Input for this task START

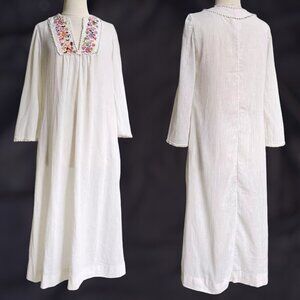 70s Vintage Embroidered Boho Hippy Dress Gauze Flared Sleeve Relaxed Caftan.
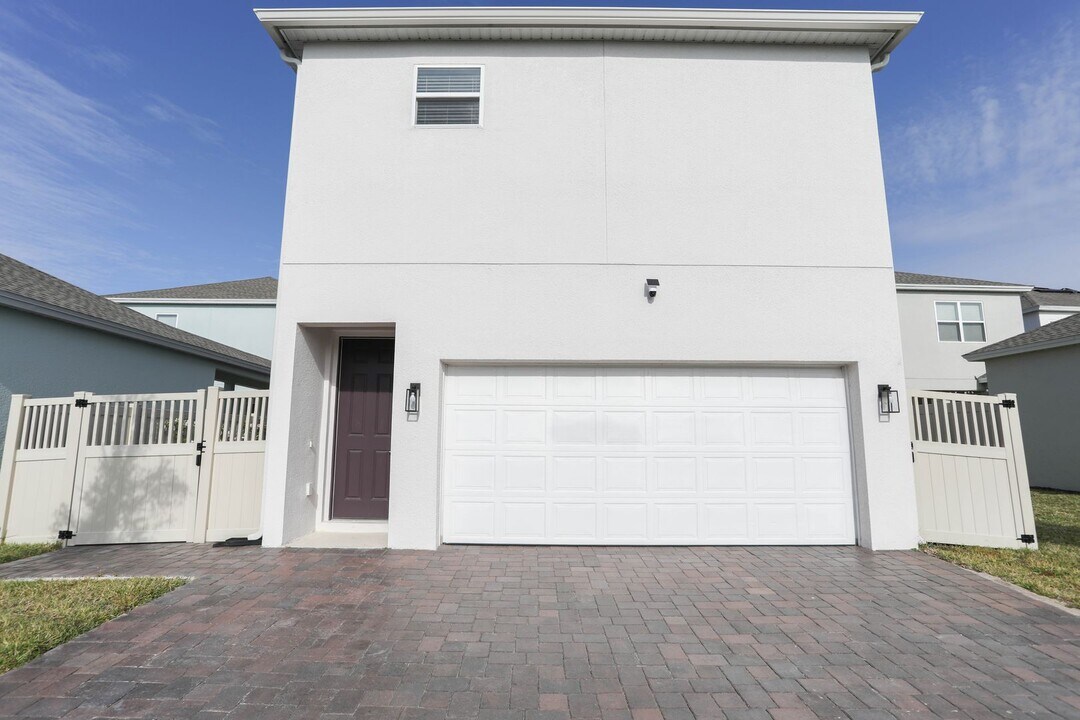 5135 Lake Hamlin Trail in Winter Garden, FL - Building Photo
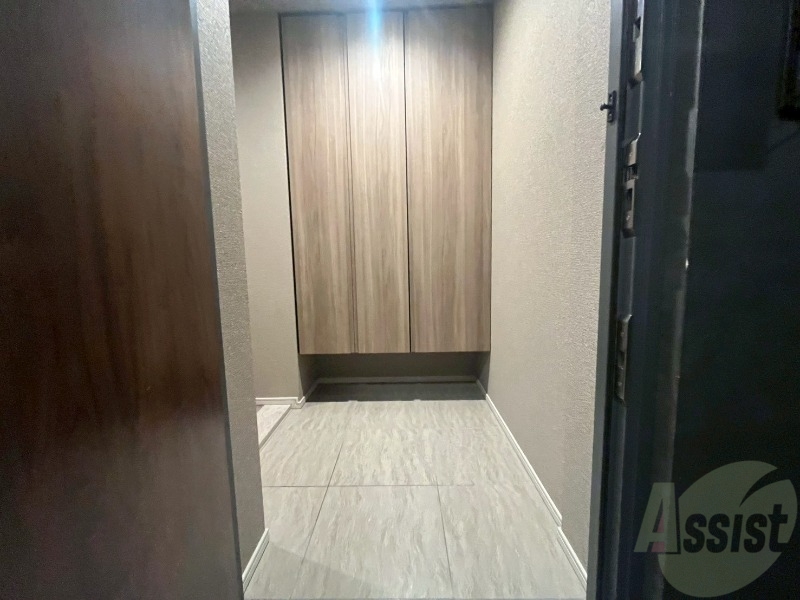 玄関　玄関にはシューズボックスもあって便利そう！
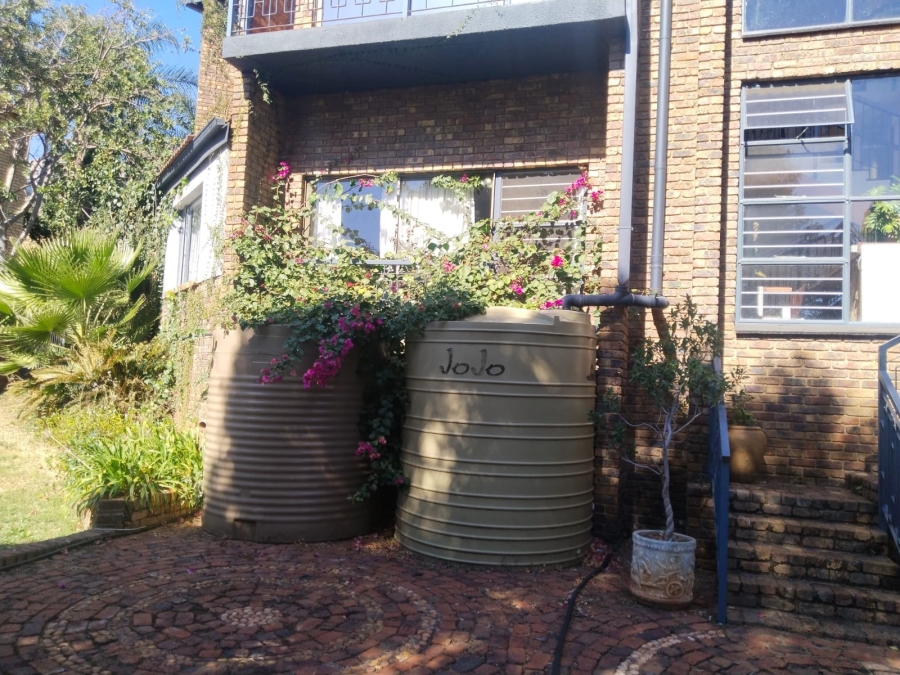 6 Bedroom Property for Sale in Florauna Gauteng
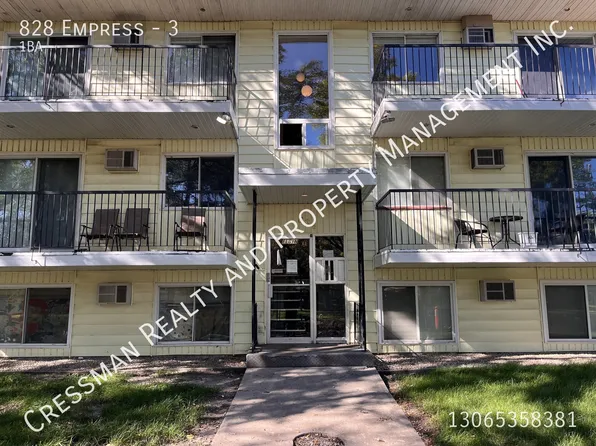 828 Empress St #3, Regina, SK S4T 5E1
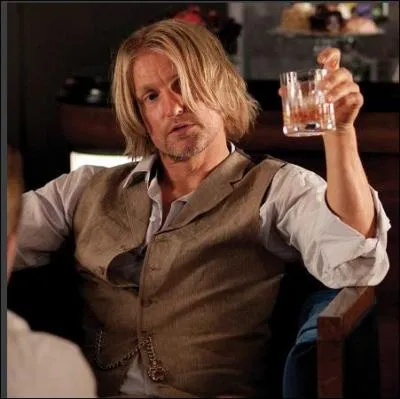 Quel tribut imposant aimerait devenir l'allié de Katniss après l'avoir vue tirer à l'arc à l'entraînement ? (Indice : Haymitch s'en sert comme argument pour convaincre Katniss de son exploit à l'entraînement)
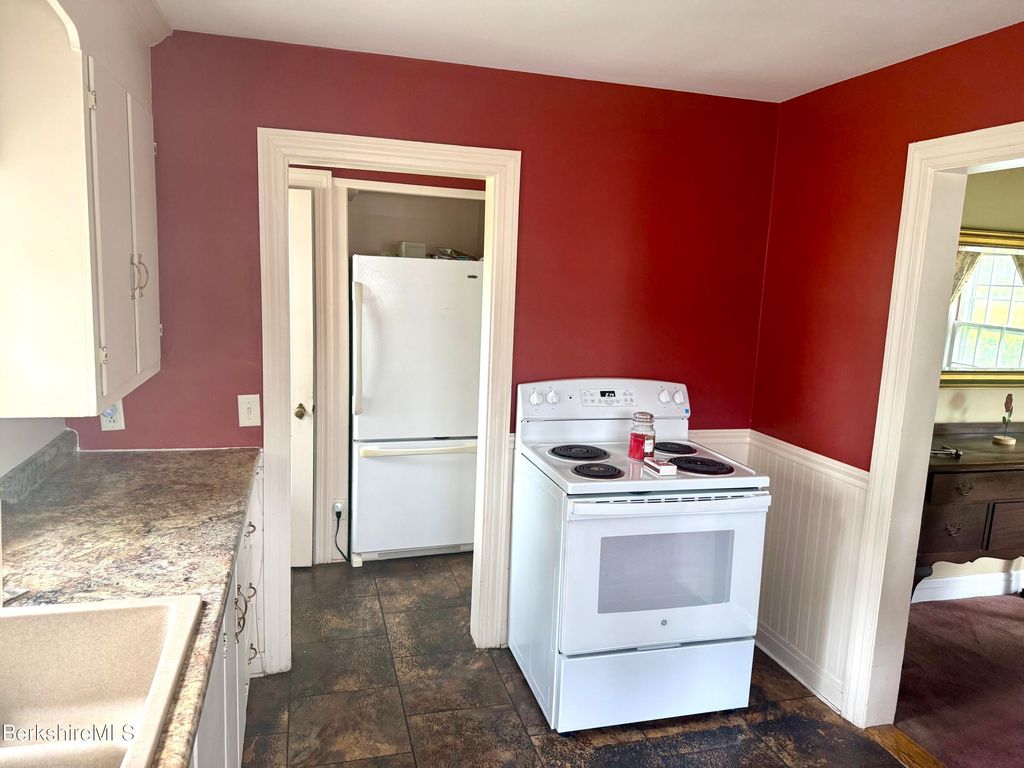 144 Elberon Ave, Pittsfield, MA - View 6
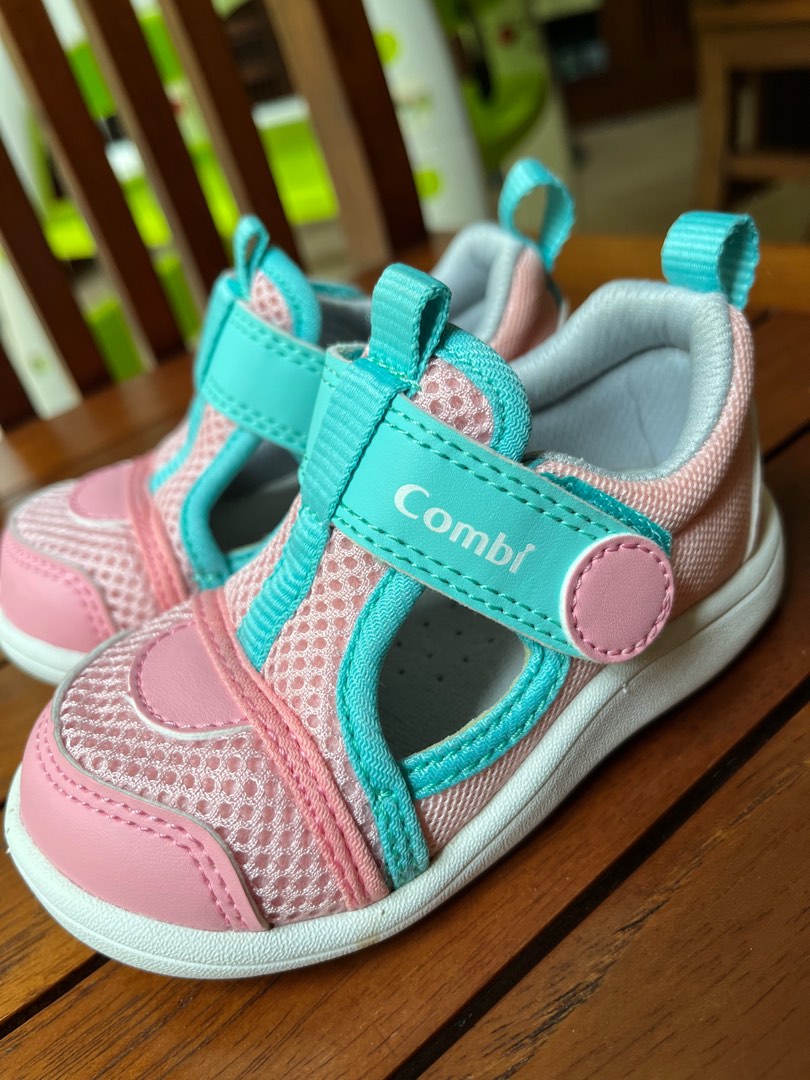 combi-baby-shoes-babies-kids-babies-kids-fashion-on-carousell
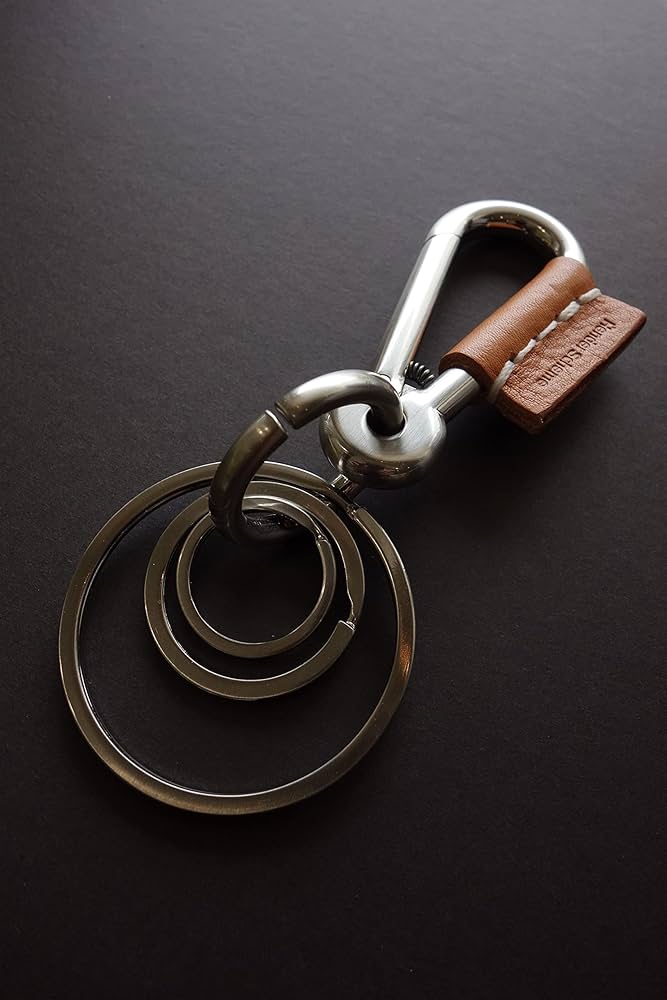 Amazon.co.jp: [エンダースキーマ] カラビナ キーホルダー (ナチュラル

Input for this task END

Exactly reproduce the lines that run from the first line of the listing above to the line containing "828 Empress St #3, Regina, SK S4T 5E1", including both; omit the pictures.

 70s Vintage Embroidered Boho Hippy Dress Gauze Flared Sleeve Relaxed Caftan.
 5135 Lake Hamlin Trail in Winter Garden, FL - Building Photo
 玄関　玄関にはシューズボックスもあって便利そう！
 6 Bedroom Property for Sale in Florauna Gauteng
 828 Empress St #3, Regina, SK S4T 5E1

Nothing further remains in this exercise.